The only bad times were at night and, worse, in the rain. I suppose you can't expect to have your best thrills under these conditions, but the first time I exceeded one hundred miles per measured hour on her majesty's highway it started to go a bit strange. The headlight was OK, if a little scattered, but suddenly the fuel gauge started to blink rapidly. This was really off-putting since it is a relatively big gauge right in your line of vision. I was put off. When I went to indicate at said speed the indicators refused outright to stay on and I had to hold them on with my thumb to ensure that everyone would know that I was about to cut across their bows and ferret up a slip road.

Both problems disappeared when I returned to legal speed, but at high velocities you don't want any distractions.
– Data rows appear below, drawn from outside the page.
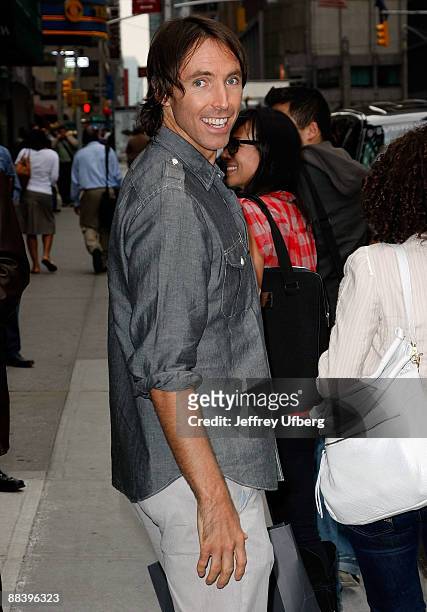 Point guard Steve Nash of the Phoenix Suns visits "Late Show with David Letterman" at the Ed Sullivan Theater on June 10, 2009 in New York City.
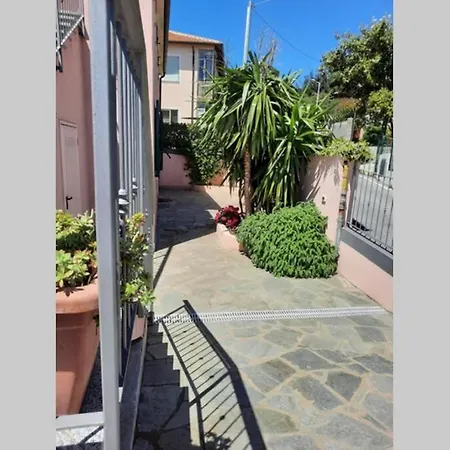 Terrazza Vista Mare בורג'ו ורצי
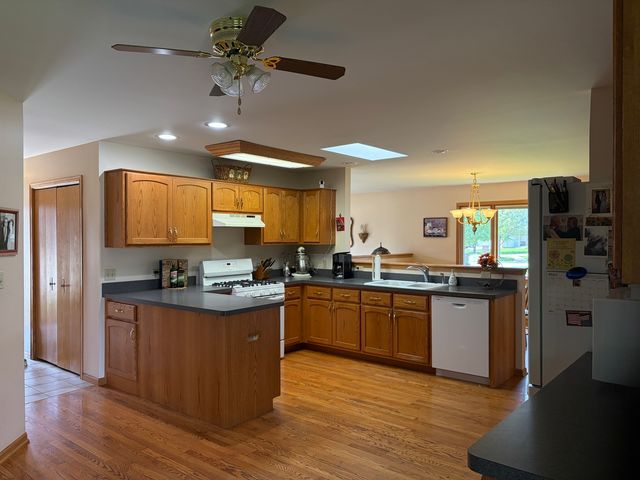16404 Shawnee Drive, Lockport, IL 60441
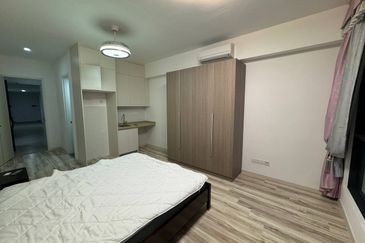 The M @ Medini Macrolink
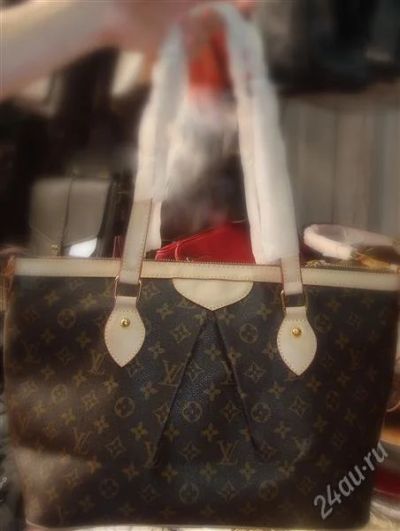 Лот: 1056378. Фото: 1. Сумка Louis Vuitton 10. Сумки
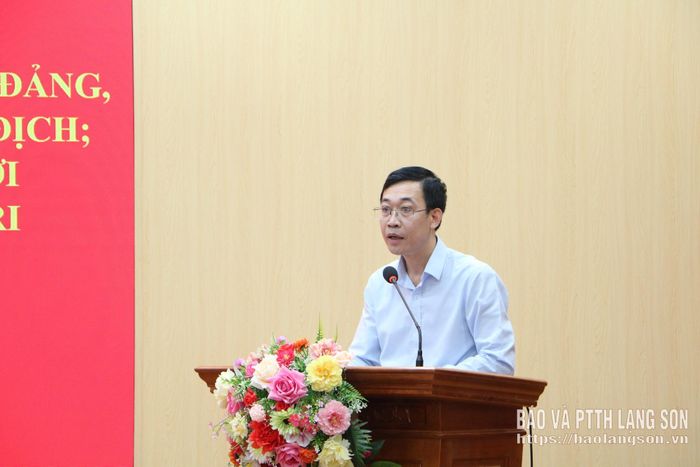 Lãnh đạo Đảng ủy phường Lương Văn Tri báo cáo việc triển khai nhiệm vụ trên địa bàn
Perhaps it is a built-in moral patrol device to warn you of possible licence failure.

More serious was a ride away from the Bike Show at Olympia in Friday night rain. Without an oversuit I just wanted to get home schnell, but soon found myself surrounded by coaches and cars bent on Friday night destruction. Cutting through this dangerous mass of jelly, my bulging eyes suddenly spotted the red oil light flashing on. I instinctively went for the clutch but had to just keep going to avoid being run into the tarmac. I managed to pull into a fuel station but could find nothing wrong in the oil department, although there was plenty wrong with me by this time. Assuming it was a short, I squelched off into the rain with the light flashing all the way home, my hands hovering on the clutch and my stomach hovering all over the place.
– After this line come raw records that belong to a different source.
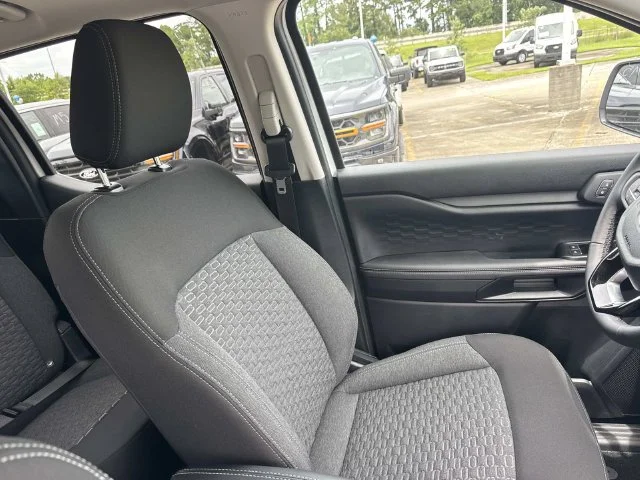 New 2026 Oxford White Ford XLT image 41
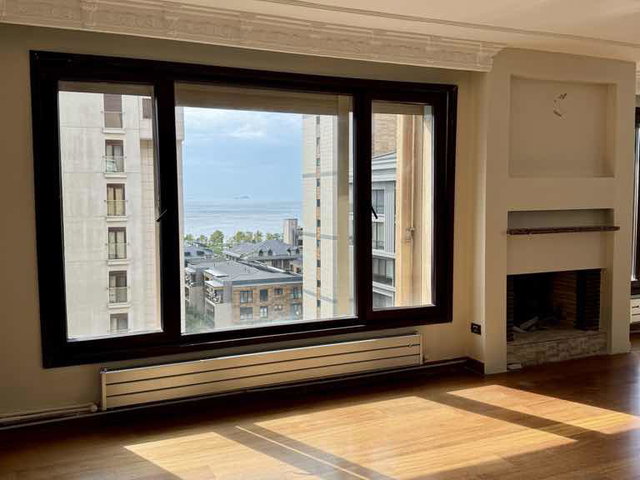 SUADİYE SAHİL BANDINDA | ÖZEL İTALYAN TASARIMLI 180 M² NET KISMİ DENİZ MANZARALI LÜKS KİRALIK DAİRE
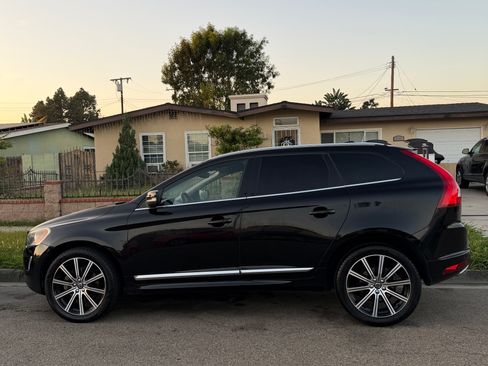 Used 2016 Volvo XC60 T5 Premier w/ Proximity Package image 1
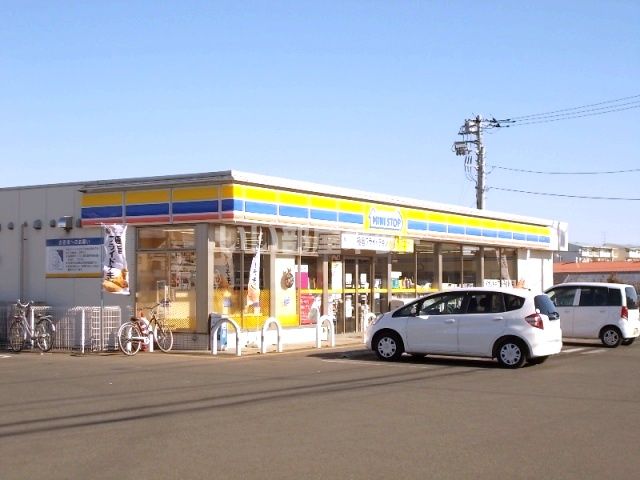 近くのコンビニまで1,185m（徒歩15分）
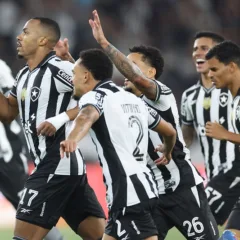 O Botafogo chega embalado para o Mundial de Clubes. No Estádio Nilton Santos, o time carioca venceu o Ceará por 3 a 2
Since it didn't reappear in the dry I can only assume that it was a short, but that was the third instrument to go on the blink, so to speak, not good at all for a Jap bike and very bad for my English nerves.
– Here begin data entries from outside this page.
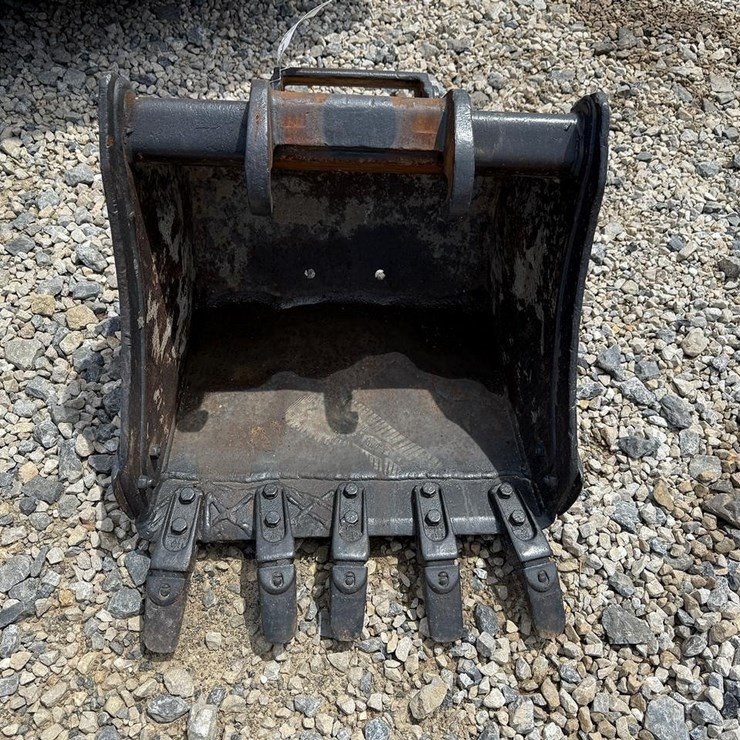 Bobcat 24” Excavator Bucket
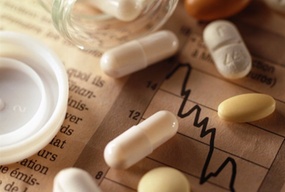 Piller som ligger på avis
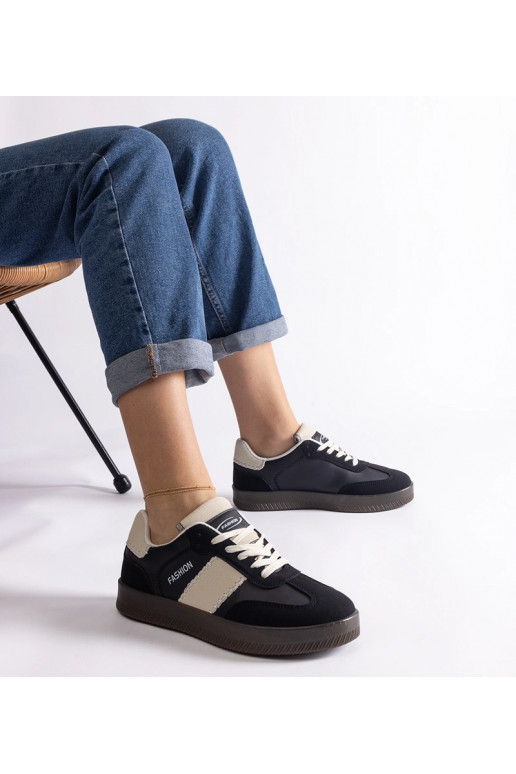 Schwarze Sneakers auf Plateausohle...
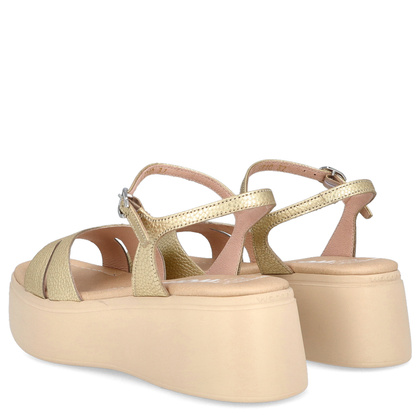 Hiszpańkie sandały na platformie - WONDERS A-3710 ZŁOTE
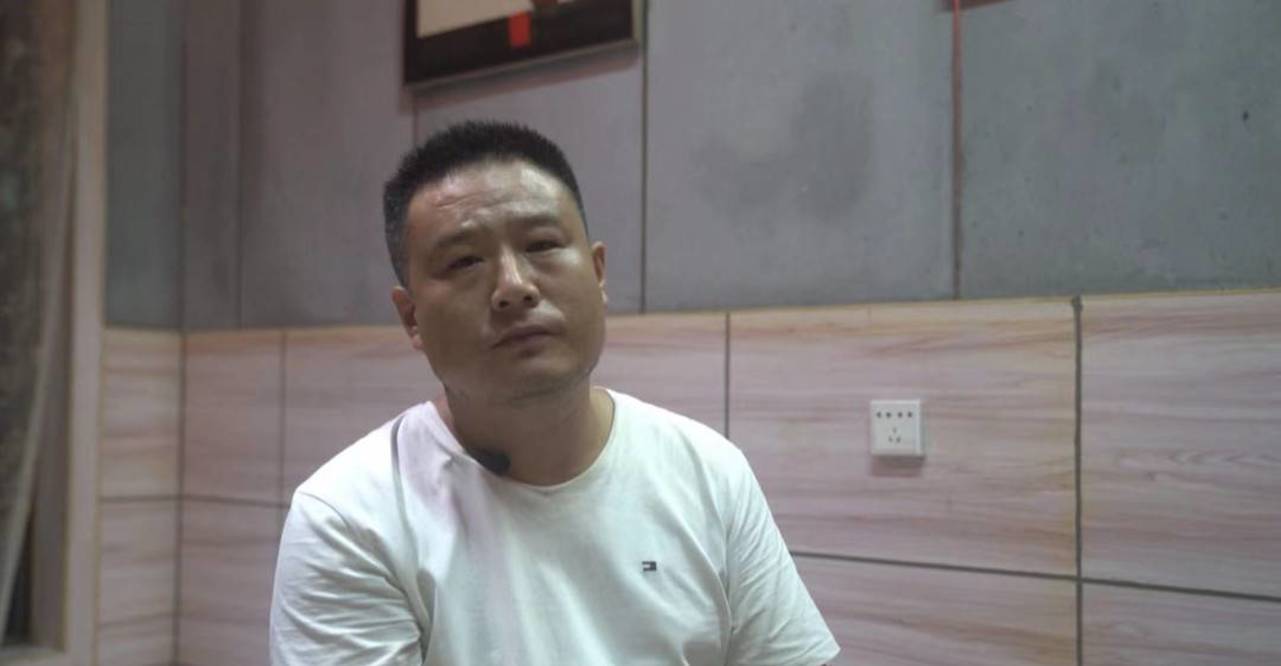 "铲车英雄"救下被困大巴乘客69人,获阿里巴巴天天正能量奖励_刘松峰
Perhaps it was due to the vibes or perhaps it was just our tired test bike, but surely that is how your own machine is going to end up after a year or two anyway — we just accelerate the ageing process. For example, that neat four into two exhaust that made such a nice noise was rusting where the black pipes met the ally end cans, although the rest of the system looked fine.

It was great fun to ride such a hard charger, although it is also a practical pootler and tourer. It is a rejativety-stralgmforward machine in both engine and chassis departments so it might prove durable without lazy bods like me having to do much more than get on and go.

It is a serious shame about the vibes but that is its only structural fault. A pretty good deal for £2300 and at present top of the tree. Hold on, who is this clambering up through the branches waving a set of keys? Tis our Editor, fresh from the jaunt at Jarama, with news of the GPz 600. Hum, suddenly it seems a long way to the ground and I don't feel at all secure.

Pillion Opinion

I do not really think that the XJ600 makes a very good continental touring bike even though the saddle is comfortable — if a little short and nar­row for us both. The problem was the footrests, which gave me cramp in the legs after about 50 miles since they seemed quite high and set to the rear. I also noticed the smell of burning leather as my feet ended up virtually on the exhaust pipes, which seemed too close to the rests. Apart from burning them, the rests also left my feet tingling from the vibration that came through, particular­ly if it was revved hard.

The metal grab handles looked very smart but when the rider accelerated hard for a small gap and I tried to grab them I found that I couldn't get my hands through them if I was wearing gloves as I usually do.

I liked the speedo being on the left, where I could easily see it for once, but I am not sure about seeing the petrol gauge, since on a long run I could watch it go down!

The bike felt very solid on the road and not many bumps got through to me, so the ride itself is comfortable and smooth. Generally I thought it was a fun bike for up to medium distances although I don't think we could carry too much luggage and I would demand plenty of stops to rest my legs.